*EXTRACTED RECORDS:*
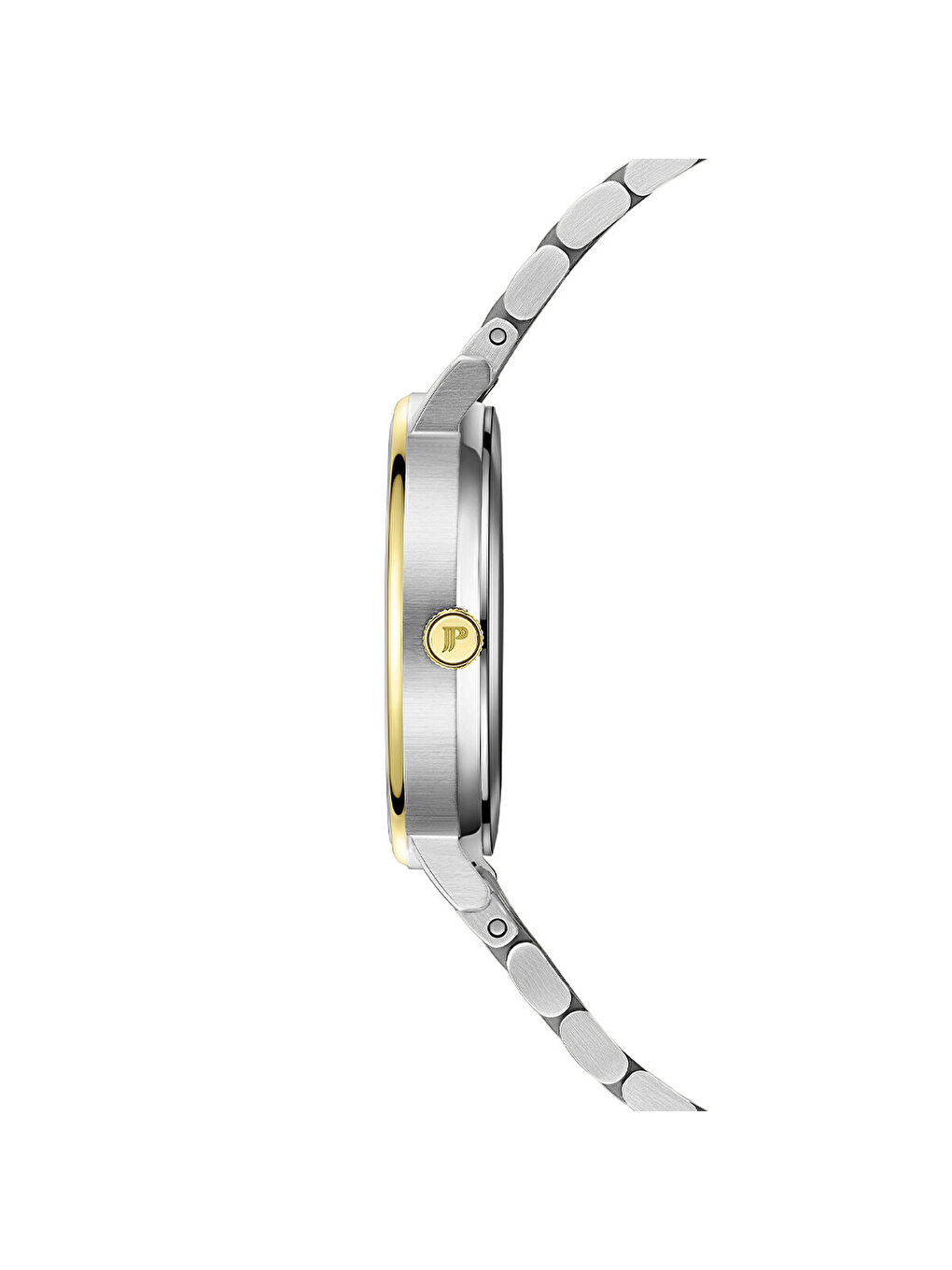 Sarı JPQLS757388YG Kadın Kol Saati-1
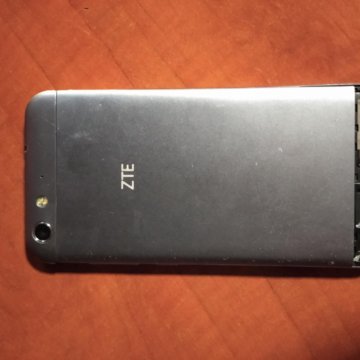 Adb Zte Blade L110 Driver For Windows Adb Zte Blade L110 Driver For Windows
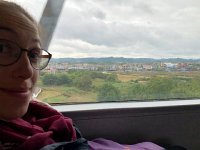 IMG 0701  Anhui countryside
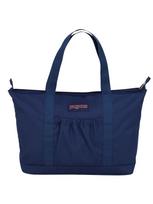 JANSPORT Krepšys, DAILY TOTE EK0A5BJ5N54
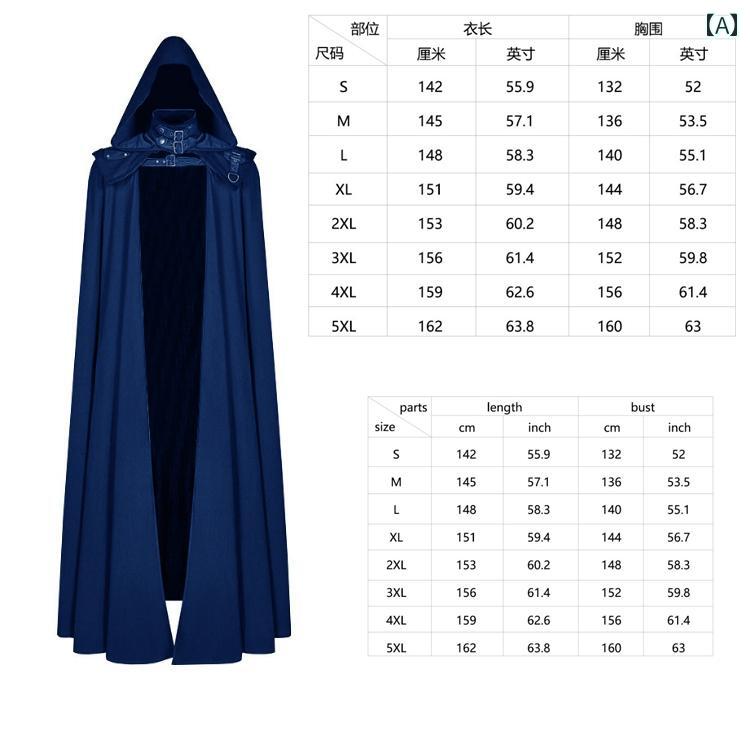 �ϥ������� ���� ��ñ ��� ��� ���ä����� �����ץ� ���� �������塼�� ���٥�� �ѡ��ƥ��� ������ѥ��� ���� �礭�������� ̵�� ��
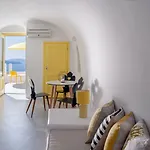 Anemomilos Ия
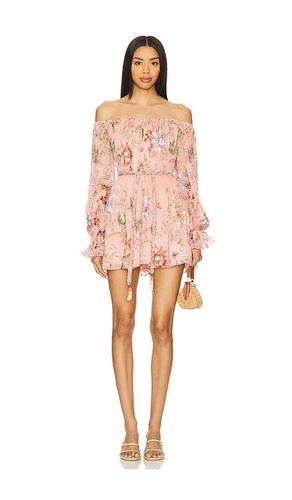 COMBISHORT in . Size S, XS - HEMANT AND NANDITA - Modalova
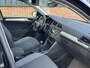 Volkswagen Tiguan 1.4 TSI Comfortline Navigatie/Ecc/Pdc/Front+L-Assist
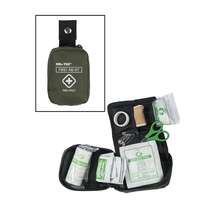 Mil-Tec Mil-Tec FIRST AID PACK MINI zöld 16025800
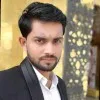 Rahul Singh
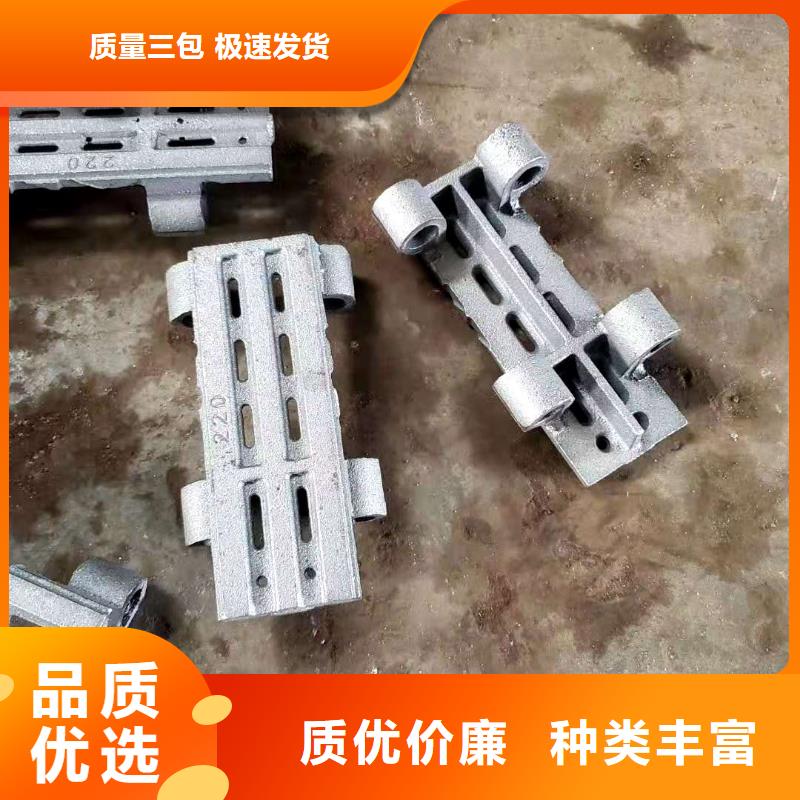 优选:锅炉炉排配件工厂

*TASK DETAILS:*
The pictures stay out; repeat exactly the lines from the one with "Mil-Tec Mil-Tec FIRST" to the end of the entries above, and nothing else.

*REPLY TO THE EXERCISE:*
 Mil-Tec Mil-Tec FIRST AID PACK MINI zöld 16025800
 Rahul Singh
 优选:锅炉炉排配件工厂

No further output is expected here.